* **WHAT TO WORK ON**:
Every record must be repeated precisely as it stands.

===== INPUT DATA =====

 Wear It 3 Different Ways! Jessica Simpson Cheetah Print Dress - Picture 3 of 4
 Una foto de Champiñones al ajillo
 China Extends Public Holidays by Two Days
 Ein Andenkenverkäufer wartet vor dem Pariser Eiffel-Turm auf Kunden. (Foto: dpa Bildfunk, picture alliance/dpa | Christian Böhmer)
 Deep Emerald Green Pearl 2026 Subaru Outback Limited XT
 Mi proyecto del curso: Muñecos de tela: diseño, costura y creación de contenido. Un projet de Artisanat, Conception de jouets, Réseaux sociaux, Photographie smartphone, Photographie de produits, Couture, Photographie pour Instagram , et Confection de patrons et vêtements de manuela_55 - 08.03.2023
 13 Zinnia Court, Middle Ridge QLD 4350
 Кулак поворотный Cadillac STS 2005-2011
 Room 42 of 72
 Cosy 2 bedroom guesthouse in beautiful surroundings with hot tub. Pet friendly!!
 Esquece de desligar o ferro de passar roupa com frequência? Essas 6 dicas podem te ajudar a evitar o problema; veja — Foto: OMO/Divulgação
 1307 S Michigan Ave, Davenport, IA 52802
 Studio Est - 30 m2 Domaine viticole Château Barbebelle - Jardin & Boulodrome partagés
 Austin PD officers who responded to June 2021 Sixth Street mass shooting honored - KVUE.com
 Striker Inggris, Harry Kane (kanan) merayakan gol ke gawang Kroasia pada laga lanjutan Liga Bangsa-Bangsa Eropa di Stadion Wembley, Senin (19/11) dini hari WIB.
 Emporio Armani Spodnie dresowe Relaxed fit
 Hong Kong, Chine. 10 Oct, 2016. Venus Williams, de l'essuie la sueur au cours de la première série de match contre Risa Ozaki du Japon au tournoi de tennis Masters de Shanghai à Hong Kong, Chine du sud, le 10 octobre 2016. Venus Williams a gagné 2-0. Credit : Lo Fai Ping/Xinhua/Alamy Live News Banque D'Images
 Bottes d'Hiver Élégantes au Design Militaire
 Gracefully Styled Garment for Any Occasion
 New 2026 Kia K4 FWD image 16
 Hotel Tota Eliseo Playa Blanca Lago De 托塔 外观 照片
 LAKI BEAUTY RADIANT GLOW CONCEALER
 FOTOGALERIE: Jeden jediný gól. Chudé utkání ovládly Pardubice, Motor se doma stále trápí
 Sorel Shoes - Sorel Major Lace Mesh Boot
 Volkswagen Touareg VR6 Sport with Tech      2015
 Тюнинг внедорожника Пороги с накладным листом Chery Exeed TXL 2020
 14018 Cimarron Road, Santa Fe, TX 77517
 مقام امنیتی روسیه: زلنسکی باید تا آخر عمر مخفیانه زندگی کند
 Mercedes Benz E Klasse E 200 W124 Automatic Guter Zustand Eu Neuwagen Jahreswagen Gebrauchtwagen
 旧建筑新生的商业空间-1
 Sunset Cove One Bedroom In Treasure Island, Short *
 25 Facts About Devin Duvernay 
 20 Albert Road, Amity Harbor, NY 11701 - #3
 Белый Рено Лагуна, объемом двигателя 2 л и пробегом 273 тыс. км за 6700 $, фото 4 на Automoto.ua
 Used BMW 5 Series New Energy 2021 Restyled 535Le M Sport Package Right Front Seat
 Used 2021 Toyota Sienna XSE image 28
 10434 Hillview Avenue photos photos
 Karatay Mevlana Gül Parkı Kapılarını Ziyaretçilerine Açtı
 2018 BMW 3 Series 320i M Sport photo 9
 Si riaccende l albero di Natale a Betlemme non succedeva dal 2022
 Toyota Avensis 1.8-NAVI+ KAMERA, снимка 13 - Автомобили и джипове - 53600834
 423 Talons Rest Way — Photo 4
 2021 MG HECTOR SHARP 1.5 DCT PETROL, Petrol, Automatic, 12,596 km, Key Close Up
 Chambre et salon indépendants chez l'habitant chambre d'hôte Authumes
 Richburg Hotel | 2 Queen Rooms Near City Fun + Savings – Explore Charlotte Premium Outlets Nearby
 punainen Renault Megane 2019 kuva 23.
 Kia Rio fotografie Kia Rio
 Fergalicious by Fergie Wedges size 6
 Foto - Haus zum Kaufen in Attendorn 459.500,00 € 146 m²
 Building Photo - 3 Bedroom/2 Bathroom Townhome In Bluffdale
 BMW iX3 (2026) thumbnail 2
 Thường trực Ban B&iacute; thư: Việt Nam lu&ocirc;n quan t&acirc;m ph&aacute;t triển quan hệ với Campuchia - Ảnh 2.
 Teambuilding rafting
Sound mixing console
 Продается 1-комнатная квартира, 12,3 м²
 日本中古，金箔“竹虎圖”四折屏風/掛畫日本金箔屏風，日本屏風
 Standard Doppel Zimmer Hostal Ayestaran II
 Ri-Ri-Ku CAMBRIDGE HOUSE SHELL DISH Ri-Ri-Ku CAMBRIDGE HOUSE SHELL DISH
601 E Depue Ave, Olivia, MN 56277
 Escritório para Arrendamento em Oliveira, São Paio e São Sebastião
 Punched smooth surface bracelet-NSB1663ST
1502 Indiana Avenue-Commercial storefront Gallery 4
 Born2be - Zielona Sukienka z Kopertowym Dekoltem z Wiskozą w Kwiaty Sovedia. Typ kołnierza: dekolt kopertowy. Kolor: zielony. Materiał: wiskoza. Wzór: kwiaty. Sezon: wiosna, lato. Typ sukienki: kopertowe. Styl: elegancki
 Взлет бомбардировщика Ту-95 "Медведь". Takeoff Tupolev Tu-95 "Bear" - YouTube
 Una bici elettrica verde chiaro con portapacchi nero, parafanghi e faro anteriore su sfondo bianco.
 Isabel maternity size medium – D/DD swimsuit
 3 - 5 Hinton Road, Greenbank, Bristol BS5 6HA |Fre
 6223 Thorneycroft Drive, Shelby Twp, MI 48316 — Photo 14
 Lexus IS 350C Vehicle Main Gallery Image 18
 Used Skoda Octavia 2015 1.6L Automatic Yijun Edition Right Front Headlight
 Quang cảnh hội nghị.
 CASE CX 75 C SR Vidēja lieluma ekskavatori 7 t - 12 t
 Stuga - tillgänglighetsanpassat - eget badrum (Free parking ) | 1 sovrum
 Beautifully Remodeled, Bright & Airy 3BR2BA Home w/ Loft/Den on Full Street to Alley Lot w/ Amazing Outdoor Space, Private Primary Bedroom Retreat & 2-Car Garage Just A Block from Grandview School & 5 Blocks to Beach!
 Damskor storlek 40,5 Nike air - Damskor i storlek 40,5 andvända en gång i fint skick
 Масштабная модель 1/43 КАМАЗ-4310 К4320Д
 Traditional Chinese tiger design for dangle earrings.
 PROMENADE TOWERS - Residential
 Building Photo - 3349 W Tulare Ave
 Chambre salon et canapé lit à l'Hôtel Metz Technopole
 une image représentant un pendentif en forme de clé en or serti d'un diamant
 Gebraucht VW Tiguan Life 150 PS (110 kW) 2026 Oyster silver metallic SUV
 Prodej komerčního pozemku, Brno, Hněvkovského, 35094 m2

=====

* **SOLUTION BELOW**:
 Wear It 3 Different Ways! Jessica Simpson Cheetah Print Dress - Picture 3 of 4
 Una foto de Champiñones al ajillo
 China Extends Public Holidays by Two Days
 Ein Andenkenverkäufer wartet vor dem Pariser Eiffel-Turm auf Kunden. (Foto: dpa Bildfunk, picture alliance/dpa | Christian Böhmer)
 Deep Emerald Green Pearl 2026 Subaru Outback Limited XT
 Mi proyecto del curso: Muñecos de tela: diseño, costura y creación de contenido. Un projet de Artisanat, Conception de jouets, Réseaux sociaux, Photographie smartphone, Photographie de produits, Couture, Photographie pour Instagram , et Confection de patrons et vêtements de manuela_55 - 08.03.2023
 13 Zinnia Court, Middle Ridge QLD 4350
 Кулак поворотный Cadillac STS 2005-2011
 Room 42 of 72
 Cosy 2 bedroom guesthouse in beautiful surroundings with hot tub. Pet friendly!!
 Esquece de desligar o ferro de passar roupa com frequência? Essas 6 dicas podem te ajudar a evitar o problema; veja — Foto: OMO/Divulgação
 1307 S Michigan Ave, Davenport, IA 52802
 Studio Est - 30 m2 Domaine viticole Château Barbebelle - Jardin & Boulodrome partagés
 Austin PD officers who responded to June 2021 Sixth Street mass shooting honored - KVUE.com
 Striker Inggris, Harry Kane (kanan) merayakan gol ke gawang Kroasia pada laga lanjutan Liga Bangsa-Bangsa Eropa di Stadion Wembley, Senin (19/11) dini hari WIB.
 Emporio Armani Spodnie dresowe Relaxed fit
 Hong Kong, Chine. 10 Oct, 2016. Venus Williams, de l'essuie la sueur au cours de la première série de match contre Risa Ozaki du Japon au tournoi de tennis Masters de Shanghai à Hong Kong, Chine du sud, le 10 octobre 2016. Venus Williams a gagné 2-0. Credit : Lo Fai Ping/Xinhua/Alamy Live News Banque D'Images
 Bottes d'Hiver Élégantes au Design Militaire
 Gracefully Styled Garment for Any Occasion
 New 2026 Kia K4 FWD image 16
 Hotel Tota Eliseo Playa Blanca Lago De 托塔 外观 照片
 LAKI BEAUTY RADIANT GLOW CONCEALER
 FOTOGALERIE: Jeden jediný gól. Chudé utkání ovládly Pardubice, Motor se doma stále trápí
 Sorel Shoes - Sorel Major Lace Mesh Boot
 Volkswagen Touareg VR6 Sport with Tech      2015
 Тюнинг внедорожника Пороги с накладным листом Chery Exeed TXL 2020
 14018 Cimarron Road, Santa Fe, TX 77517
 مقام امنیتی روسیه: زلنسکی باید تا آخر عمر مخفیانه زندگی کند
 Mercedes Benz E Klasse E 200 W124 Automatic Guter Zustand Eu Neuwagen Jahreswagen Gebrauchtwagen
 旧建筑新生的商业空间-1
 Sunset Cove One Bedroom In Treasure Island, Short *
 25 Facts About Devin Duvernay 
 20 Albert Road, Amity Harbor, NY 11701 - #3
 Белый Рено Лагуна, объемом двигателя 2 л и пробегом 273 тыс. км за 6700 $, фото 4 на Automoto.ua
 Used BMW 5 Series New Energy 2021 Restyled 535Le M Sport Package Right Front Seat
 Used 2021 Toyota Sienna XSE image 28
 10434 Hillview Avenue photos photos
 Karatay Mevlana Gül Parkı Kapılarını Ziyaretçilerine Açtı
 2018 BMW 3 Series 320i M Sport photo 9
 Si riaccende l albero di Natale a Betlemme non succedeva dal 2022
 Toyota Avensis 1.8-NAVI+ KAMERA, снимка 13 - Автомобили и джипове - 53600834
 423 Talons Rest Way — Photo 4
 2021 MG HECTOR SHARP 1.5 DCT PETROL, Petrol, Automatic, 12,596 km, Key Close Up
 Chambre et salon indépendants chez l'habitant chambre d'hôte Authumes
 Richburg Hotel | 2 Queen Rooms Near City Fun + Savings – Explore Charlotte Premium Outlets Nearby
 punainen Renault Megane 2019 kuva 23.
 Kia Rio fotografie Kia Rio
 Fergalicious by Fergie Wedges size 6
 Foto - Haus zum Kaufen in Attendorn 459.500,00 € 146 m²
 Building Photo - 3 Bedroom/2 Bathroom Townhome In Bluffdale
 BMW iX3 (2026) thumbnail 2
 Thường trực Ban B&iacute; thư: Việt Nam lu&ocirc;n quan t&acirc;m ph&aacute;t triển quan hệ với Campuchia - Ảnh 2.
 Teambuilding rafting
Sound mixing console
 Продается 1-комнатная квартира, 12,3 м²
 日本中古，金箔“竹虎圖”四折屏風/掛畫日本金箔屏風，日本屏風
 Standard Doppel Zimmer Hostal Ayestaran II
 Ri-Ri-Ku CAMBRIDGE HOUSE SHELL DISH Ri-Ri-Ku CAMBRIDGE HOUSE SHELL DISH
601 E Depue Ave, Olivia, MN 56277
 Escritório para Arrendamento em Oliveira, São Paio e São Sebastião
 Punched smooth surface bracelet-NSB1663ST
1502 Indiana Avenue-Commercial storefront Gallery 4
 Born2be - Zielona Sukienka z Kopertowym Dekoltem z Wiskozą w Kwiaty Sovedia. Typ kołnierza: dekolt kopertowy. Kolor: zielony. Materiał: wiskoza. Wzór: kwiaty. Sezon: wiosna, lato. Typ sukienki: kopertowe. Styl: elegancki
 Взлет бомбардировщика Ту-95 "Медведь". Takeoff Tupolev Tu-95 "Bear" - YouTube
 Una bici elettrica verde chiaro con portapacchi nero, parafanghi e faro anteriore su sfondo bianco.
 Isabel maternity size medium – D/DD swimsuit
 3 - 5 Hinton Road, Greenbank, Bristol BS5 6HA |Fre
 6223 Thorneycroft Drive, Shelby Twp, MI 48316 — Photo 14
 Lexus IS 350C Vehicle Main Gallery Image 18
 Used Skoda Octavia 2015 1.6L Automatic Yijun Edition Right Front Headlight
 Quang cảnh hội nghị.
 CASE CX 75 C SR Vidēja lieluma ekskavatori 7 t - 12 t
 Stuga - tillgänglighetsanpassat - eget badrum (Free parking ) | 1 sovrum
 Beautifully Remodeled, Bright & Airy 3BR2BA Home w/ Loft/Den on Full Street to Alley Lot w/ Amazing Outdoor Space, Private Primary Bedroom Retreat & 2-Car Garage Just A Block from Grandview School & 5 Blocks to Beach!
 Damskor storlek 40,5 Nike air - Damskor i storlek 40,5 andvända en gång i fint skick
 Масштабная модель 1/43 КАМАЗ-4310 К4320Д
 Traditional Chinese tiger design for dangle earrings.
 PROMENADE TOWERS - Residential
 Building Photo - 3349 W Tulare Ave
 Chambre salon et canapé lit à l'Hôtel Metz Technopole
 une image représentant un pendentif en forme de clé en or serti d'un diamant
 Gebraucht VW Tiguan Life 150 PS (110 kW) 2026 Oyster silver metallic SUV
 Prodej komerčního pozemku, Brno, Hněvkovského, 35094 m2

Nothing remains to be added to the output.